(SUPPLIED RECORDS begins)

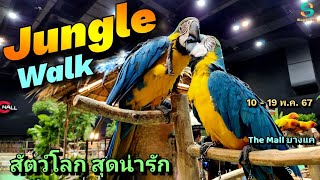 Jungle Walk 10-19 พ.ค. 67 สัตว์โลกสุดน่ารัก The Mall lifestore บางแค #junglewalk #สัตว์โลกน่ารัก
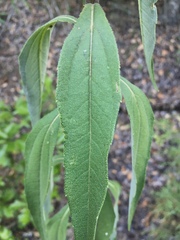 Helianthus resinosus
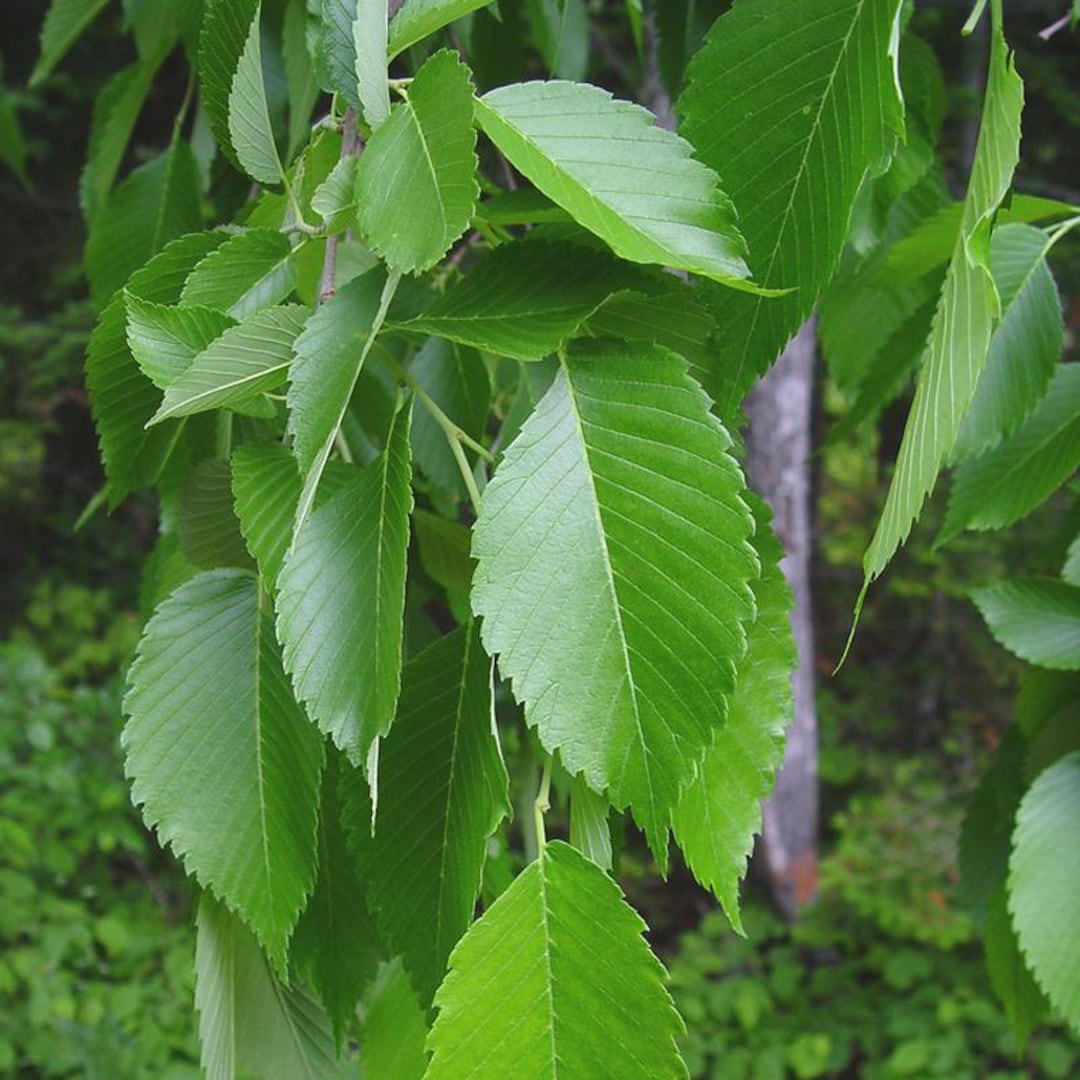 Ulmus Americana (american Elm) Tree Seeds, Low Maintenance, Tall and ...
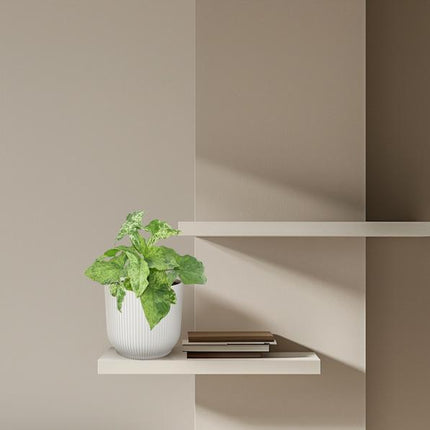 Syngonium Mottled – Purpurtute – Zimmerpflanze – ↕25cm – Ø12cm – Tropische Kletterpflanze mit marmorierten Blättern – Pflegeleicht & dekorativ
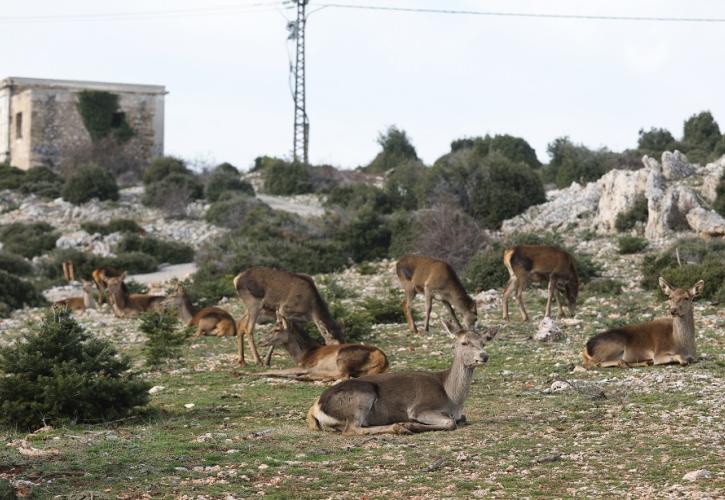 Γιώργος Αμυράς: «Δε θα επιτραπεί το κυνήγι ελαφιών στη Ρόδο»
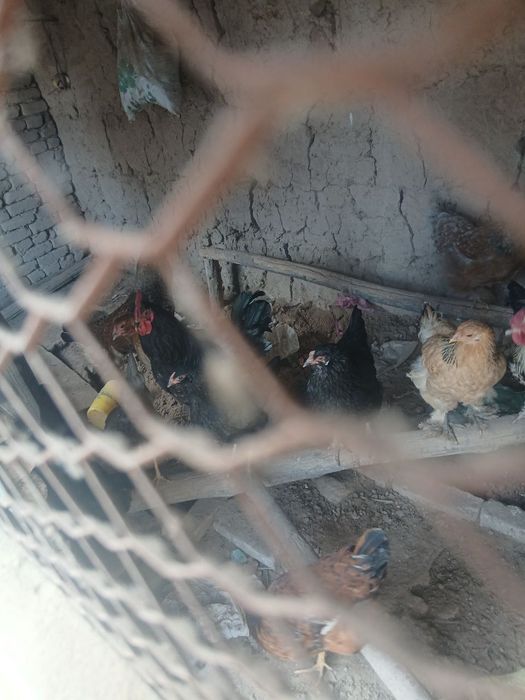 tovuq xoʻrozlar sotiladi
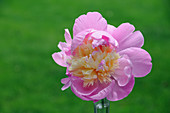 Chinese Peony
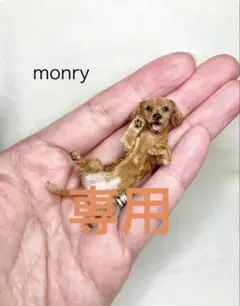 モールアート☆ミニダックススムース☆へそてん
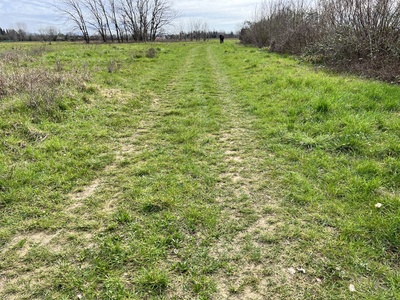 Photo 16 - Path almost entirely grassy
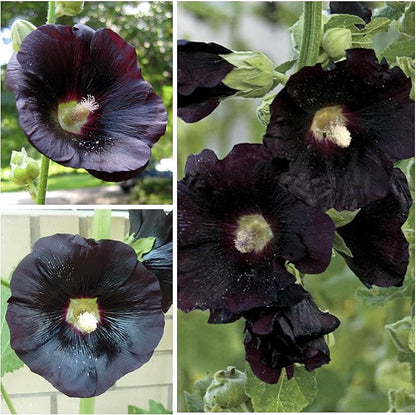 Seed Needs, Black Hollyhock Seeds - 100 Heirloom Seeds for Planting Alcea rosea - Great for Gothic Gardens, Open Pollinated Biennial That Attracts Pollinators (5 Packs)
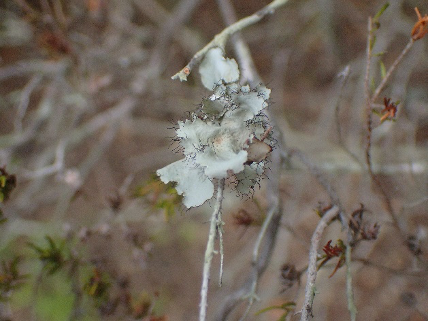 Parmotremma hypoleucinum 2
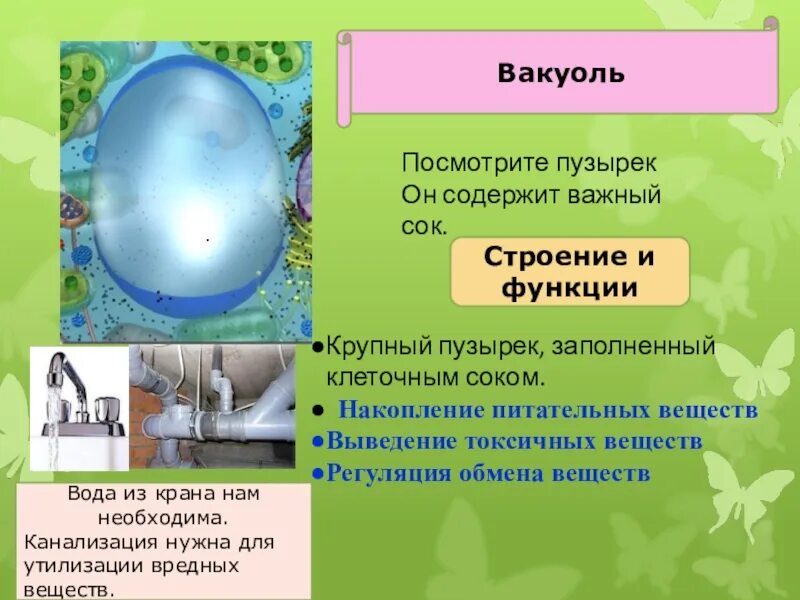 Вакуоли растительных клеток строение. Вакуоль функции кратко. Вакуоль функции 5 класс. Функции вакуоли 10 класс.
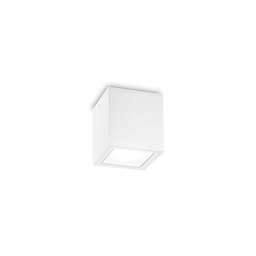 Techo Outdoor Ceiling Light (White, 9cm)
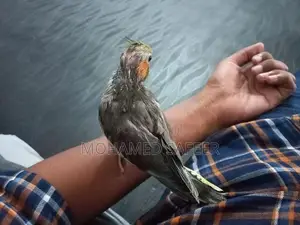 Cocktails Bird Hand Tamed Self Feeding Chick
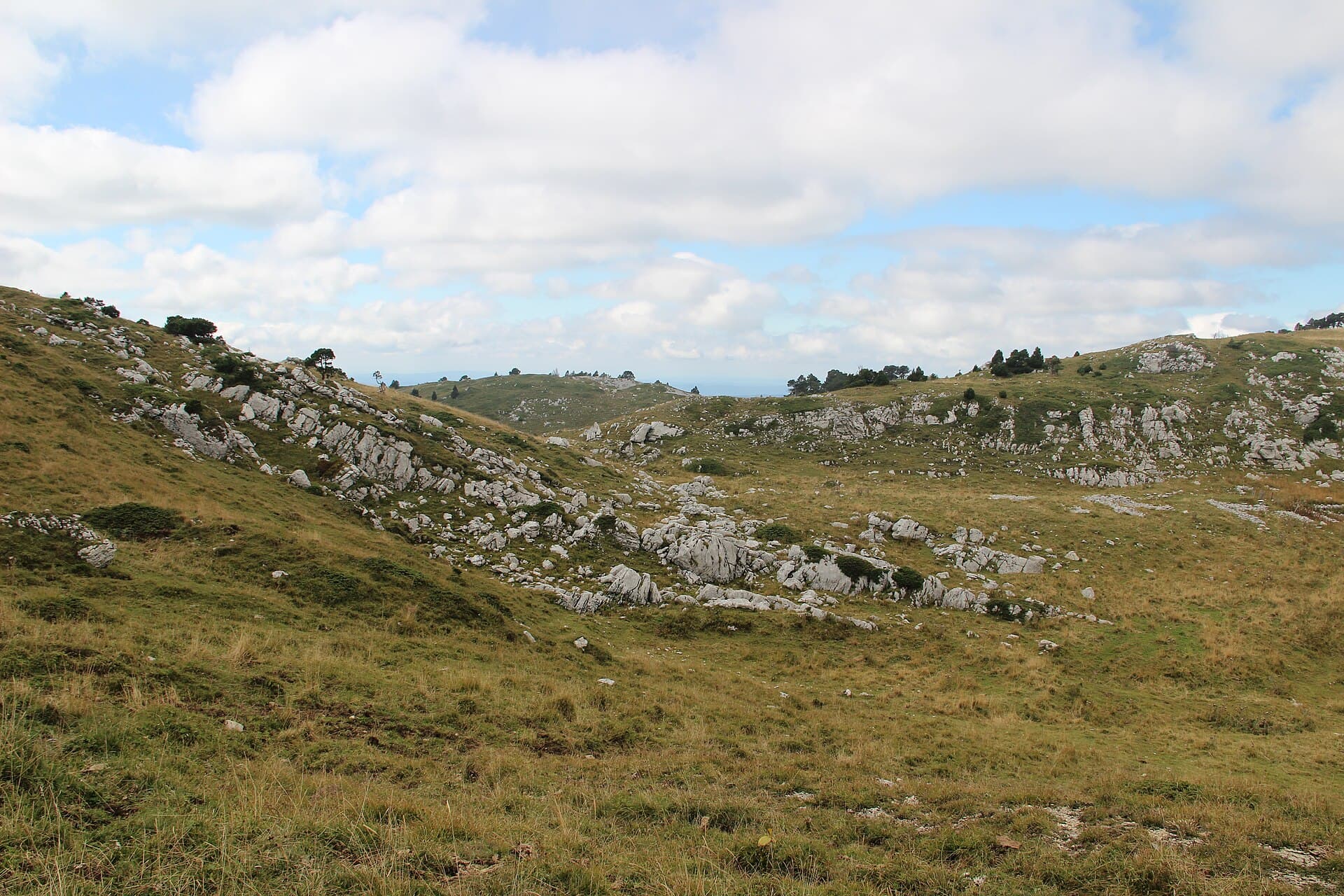 Alpage near Le Reculet - panoramio (2)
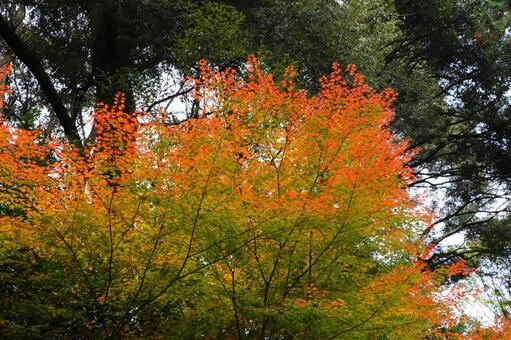 善峯寺の紅葉 善峯寺,紅葉,よしみねでらの写真素材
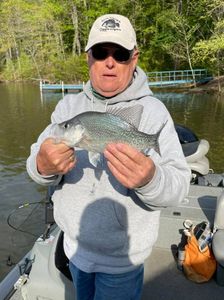 A crappie fish caught in Gainesville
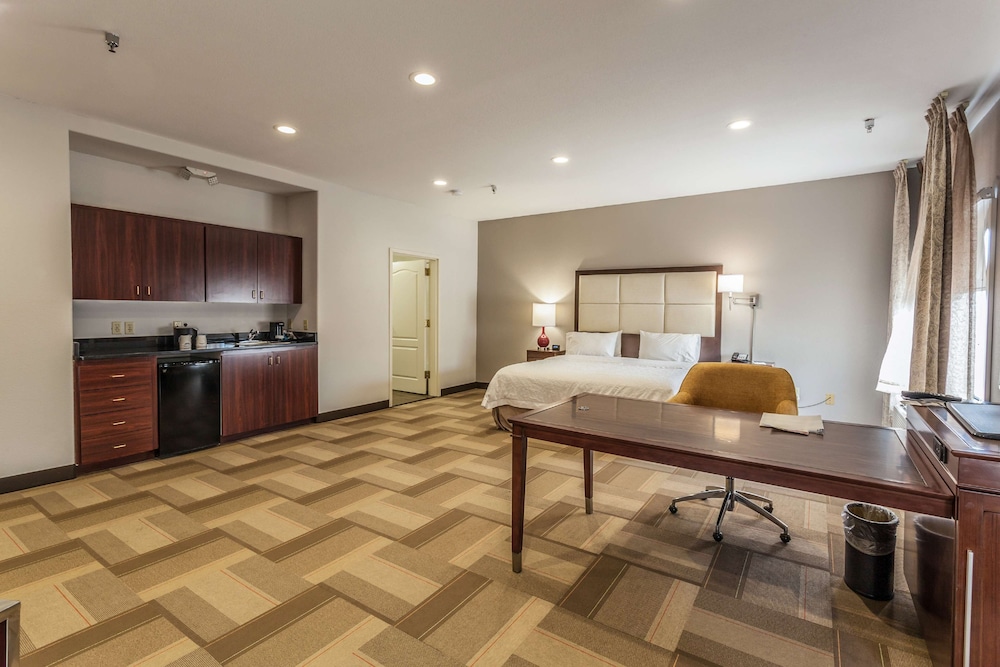 Suite, 1 King Bed, Non Smoking - Photo 4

(SUPPLIED RECORDS ends)

▶ [TASK ITEM]:
The reply should hold only the lines running from the top of the records to the line containing "Photo 16 - Path almost entirely grassy", both included, copied exactly with no pictures.

▶ [EXERCISE OUTPUT]:
 Jungle Walk 10-19 พ.ค. 67 สัตว์โลกสุดน่ารัก The Mall lifestore บางแค #junglewalk #สัตว์โลกน่ารัก
 Helianthus resinosus
 Ulmus Americana (american Elm) Tree Seeds, Low Maintenance, Tall and ...
 Syngonium Mottled – Purpurtute – Zimmerpflanze – ↕25cm – Ø12cm – Tropische Kletterpflanze mit marmorierten Blättern – Pflegeleicht & dekorativ
 Γιώργος Αμυράς: «Δε θα επιτραπεί το κυνήγι ελαφιών στη Ρόδο»
 tovuq xoʻrozlar sotiladi
 Chinese Peony
 モールアート☆ミニダックススムース☆へそてん
 Photo 16 - Path almost entirely grassy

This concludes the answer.